​Henryk Gołębiewski: Dwadzieścia lat na marginesie życia

- Dawniej żartowałem, że mam osiemnaście fachów, a dziewiętnasty to bieda - mówi Henryk Gołębiewski, aktor, awanturnik, gwiazda kina młodzieżowego, odtwórca głównej roli w kultowym filmie "Edi".

Henryk Gołębiewski to dziś najsłynniejszy po Janie Himilsbachu polski naturszczyk. "Mokotowski charakterniak", "bajerant", "git-człowiek" po raz pierwszy opowiada o swoim barwnym życiu. W latach siedemdziesiątych z warszawskiego podwórka trafia prosto na plan filmowy i zostaje gwiazdą kultowych filmów i seriali dziecięcych (m.in. "Podróż za jeden uśmiech", "Stawiam na Tolka Banana"). Potem znika nagle z ekranu, doświadcza licznych zawirowań życiowych, aby po dwudziestu latach ponownie zdobyć popularność dzięki głównej roli w "Edim".

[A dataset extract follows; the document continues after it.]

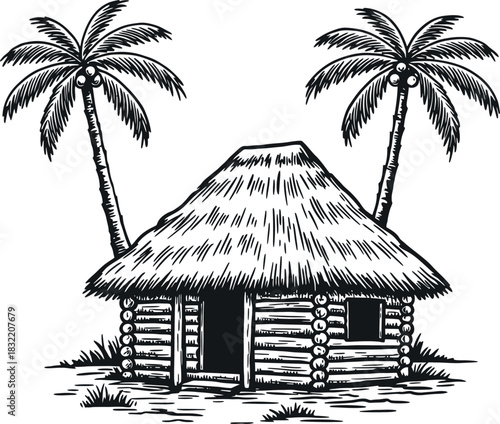 Rustic thatched roof hut with palm trees on a tropical island landscape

Co się z nim działo podczas tej długoletniej przerwy? Hazard, alkohol, ciężka choroba - wszystkim przeciwnościom losu stawił czoła z niebywałą godnością. W rozmowie z przyjacielem Tomaszem Solarewiczem aktor odsłania tajemnice swojego życia zawodowego i prywatnego. Wspomnienia ubarwia anegdotami z planu filmowego, podwórka, pracy na budowie, wojska oraz lokali rozrywkowych czasów PRL-u.

Reklama

W swoich opowieściach potrafi być ostry, czasem sentymentalny, zawsze jednak pozostaje ujmująco skromny. Oto portret człowieka, który mimo wielkiej popularności zawsze pozostaje sobą, bez względu na to, czy jest akurat na budowie, gdzie wciąż pracuje, czy na planie filmowym, na którym bywa od czasu do czasu.

Przeczytaj przedpremierowy fragment wywiadu rzeki z Henrykiem Gołębiewskim "Zygzakiem przez życie", który ukaże się w księgarniach 2 marca:

Henryk Gołębiewski: Dlaczego zaraz "na marginesie"?

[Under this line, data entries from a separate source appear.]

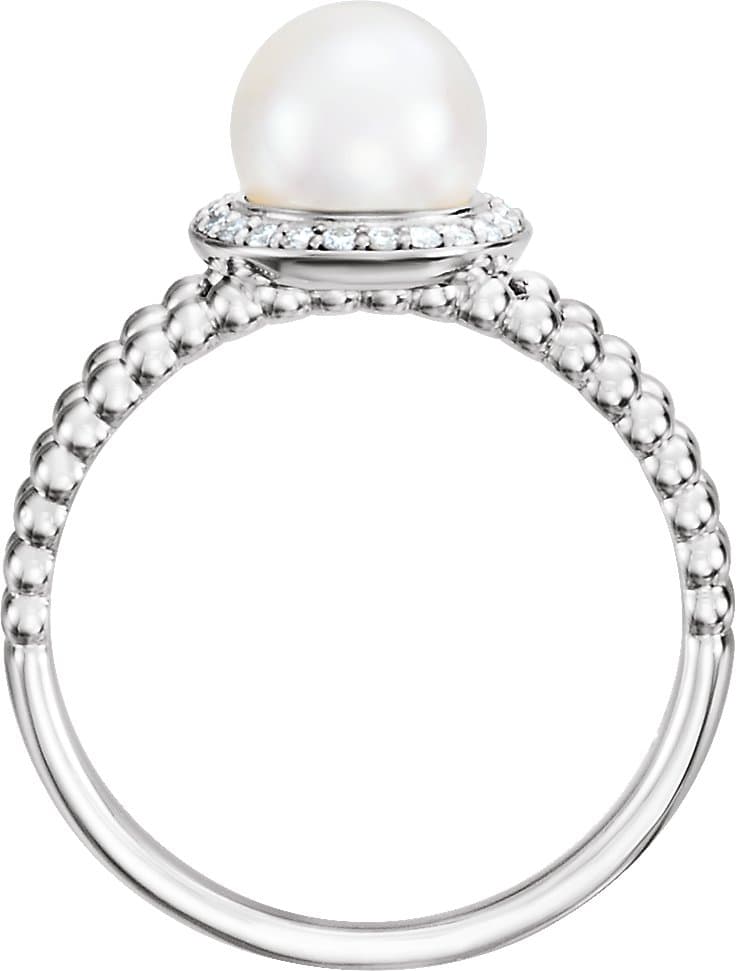 Beaded Halo-Style Pearl Ring view 2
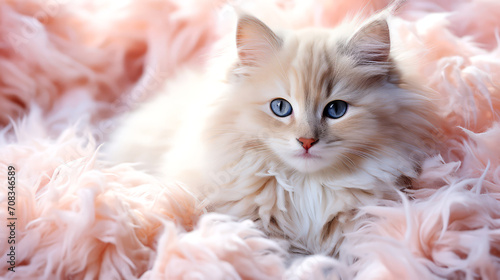 Siberian cat with blue eyes lying on pink fur.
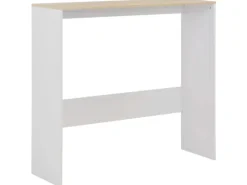 vidaXL Bartisch mit 2 Tischplatten Weiß und Eichefarben 130x40x120 cm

Tomasz Solarewicz: Tak mi się jakoś ułożyło. Mam zmienić?

- Niech zostanie. Ale te dwadzieścia lat nie było marginesem. Tym, co przeżyłem, można by obdzielić dziesięć scenariuszy.

Przepraszam, jeśli cię uraziłem... Ale po tak fantastycznej młodzieżowej karierze nagle zapadłeś się pod ziemię. Dlaczego?

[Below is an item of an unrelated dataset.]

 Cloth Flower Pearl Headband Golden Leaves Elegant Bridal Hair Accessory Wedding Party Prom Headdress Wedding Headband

- Bo nie miałem parcia na szkło, jak to dzisiaj okreś­lają. Nie było agencji aktorskich, menedżerów, agentów, tak jak dzisiaj. A ja nie łaziłem po wytwórni filmów na Chełmskiej, nie łasiłem się, nie zabiegałem.

Nie ciągnęło cię do szkoły aktorskiej? Przecież przyjęliby cię z otwartymi ramionami.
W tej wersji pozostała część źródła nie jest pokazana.